Americans tend to have a romantic view of democracy as government of the people, by the people, and for the people. They imagine that democracy is identical to freedom and self-government. They forget that democracy is primarily rule of the majority. They forget that the majority can be hoodwinked by the propaganda of demagogues, oligarchs, and theocrats to relinquish its interests and liberties.
It is time to consider a more prosaic understanding of democracy that is associated with the so-called “democratic revisionists” or “elite theorists.” As Roberto Michels maintained in his Political Parties, no society can escape the “iron law of oligarchy.” All governments involve the rule of elites—and democracy is no exception. As Joseph Schumpeter asserted in Capitalism, Socialism, and Democracy, democracy needs to be redefined as the rule of elites competing for power. It is not necessary that these elites represent alternative ideologies. It suffices that they provide elite competition that would undermine corruption. If a society is liberal as well as democratic, its elites will be established on the basis of merit—not heredity.
This realistic view of democracy is to be distinguished from the folksy view where the people choose representatives who proceed to carry out their will. In truth, there is no such thing as “the will of the people.” The people have conflicting and often incompatible wills. It follows that the people cannot rule. So, is democracy a fiction? No. Democracy—like any other form of government—is as good as its leading figures. Even the legendary democracy of Athens depended for its success on the leadership of Pericles. After his death, inferior leaders came to power. The democracy deteriorated; Athens lost the war with Sparta and descended into a reign of terror orchestrated by oligarchic extremists who were students of Socrates. It recovered only after a civil war and the rise of new and more honorable elites.
Even by this minimal understanding of democracy, the United States is not a democracy. The competition between elites—Republican and Democratic—is a façade. The differences between them are minute. Both parties serve the interests of their wealthy donors, not the people who elected them. It follows that the United States is an oligarchy—rule of the rich in the interest of the rich. In the wealthiest country on the planet, the country that presents itself as the liberal democratic model for the world, Philip Alston, the United Nations’ special rapporteur on extreme poverty, reported that forty million Americans live in conditions of crushing poverty. As his report reveals, American poverty is more troubling than poverty in other parts of the world because it is the direct result of government policies. Nikki Haley, the U.S. ambassador to the United Nations, denounced the report as ridiculous on the grounds that the United States is the richest country in the world, but that is precisely what makes so much poverty obscene.
The “iron law of oligarchy” need not be so ironclad. There are limits to the excesses of the rule of the rich. In the history of ancient Athens, when the oligarchy became too exploitative, one of the oligarchs was inspired to rise up and create a tyranny in the name of the people—the demos. In Rome, Julius Caesar emerged as a tyrant from the class of patricians or nobles in the name of the downtrodden masses. The rise of Donald Trump in the American election of 2016 should be a warning to America’s ruling elites.
Trump presented himself as the defender of workers against the corruption and indifference of the elites. He promised to stem the tide of globalization, restore the prosperity of working men and women, increase taxes on the rich, and provide health care for all. He also promised to end the “stupid wars” in which only the children of the lower classes are dying—not the children of the elites in Congress who concoct these wars.
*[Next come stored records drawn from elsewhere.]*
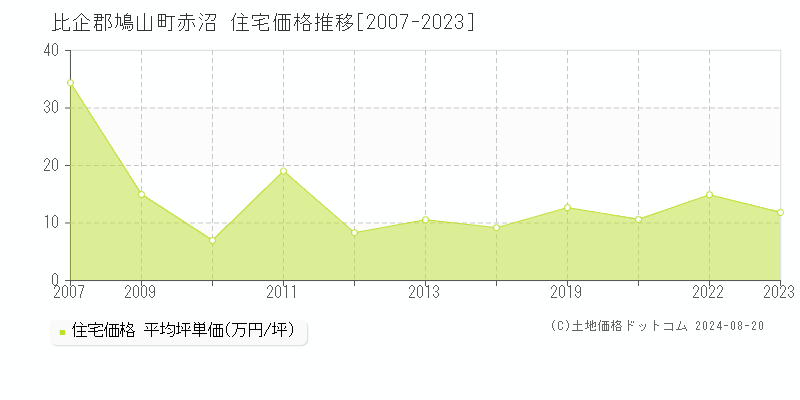 赤沼(比企郡鳩山町)の住宅価格推移グラフ(坪単価)[2007-2023年]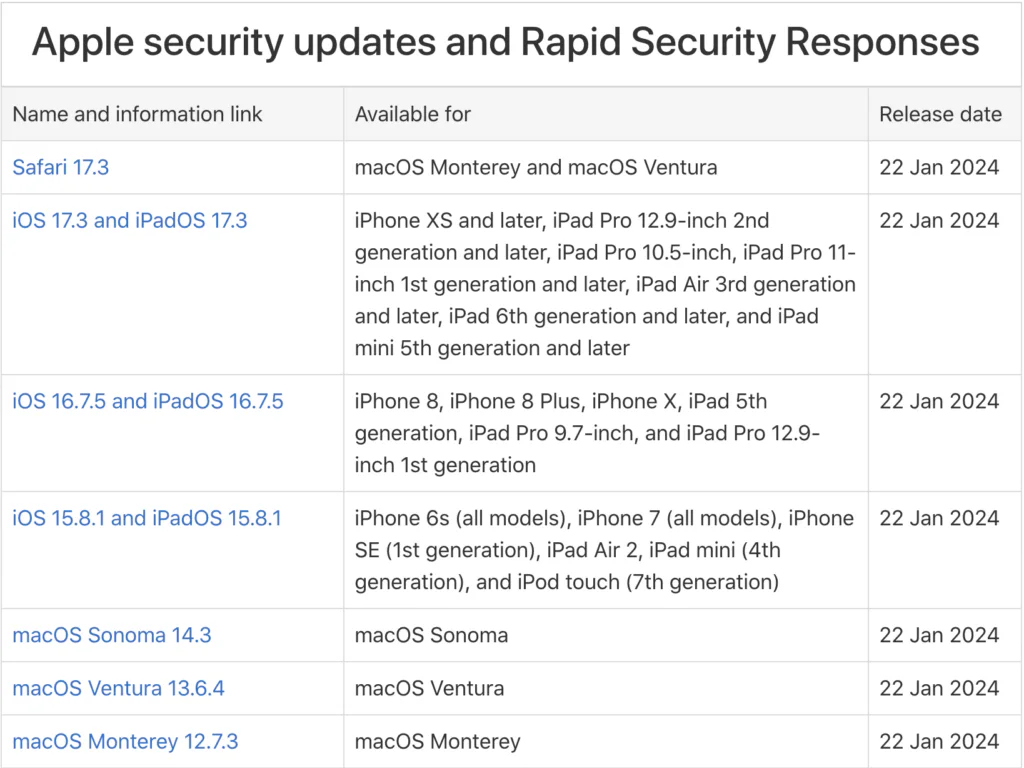 Apple security updates and Rapid Security Responses webpage
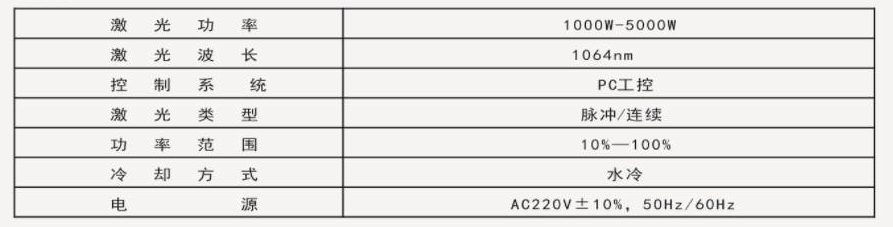 1747387979967450.jpg 规格.jpg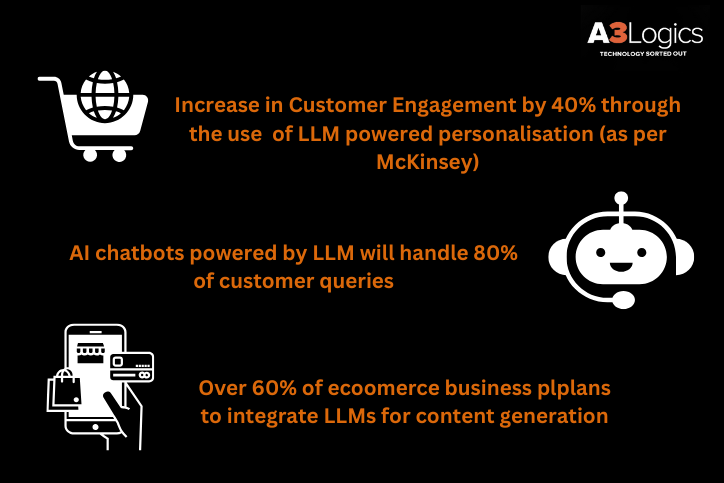 LLM stats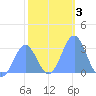 Rongelap Island tide chart for Friday, January 3, 2025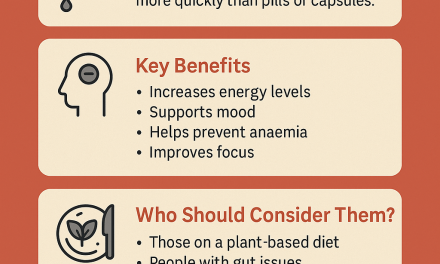 Vitamin B12 Drops: A Simple Boost for Energy, Focus & Mood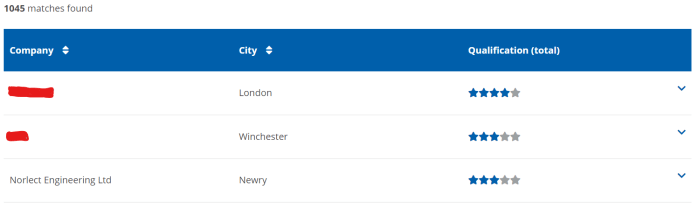Top KNX Partners UK and Ireland Norlect Engineering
So, no matter how much help he got from Russia and no matter how vulgar, ignorant, and inexperienced, Trump deserved to win because he was the only candidate running against the untenable policies of the established elites—Democratic as well as Republican. These political parties have turned American democracy into a radical oligarchy.
Not surprisingly, there was trepidation in Washington that Trump would ride the beast of class warfare. But much to the delight of the oligarchs and their friends in Congress, Trump turned out to be an incompetent swindler. His talent lies in destruction of what the poor need most—health care, social security, environmental regulations, and the bargaining power of labor unions. He has allied himself with the oligarchs and the theocrats. He has convinced his supporters that their real enemy is not the economy, which is rigged against them, but the legal and illegal immigrants who supposedly take their jobs. He has convinced his supporters that their real enemy is not the theocrats bent on robbing them of personal freedom but the latté liberals.
The idea that Donald Trump is destined to be nothing more than a toxic memory followed by a return to politics as usual is a mistake. The resentment that he represents cannot be appeased without substantive reforms. His supporters are likely to find another champion who is more intelligent and honorable and is daring enough to sweep away laws that serve the interests of the plutocracy along with any other restraints on the will of the majority. The result will be a radical or populist democracy. Populism is not a right-wing or left-wing phenomenon; it is a democratic phenomenon. Yes, elites always rule, but they cannot rule indefinitely without the consent or the voluntary compliance of the governed. This is why the flip side of the iron law of oligarchy is the iron law of democracy.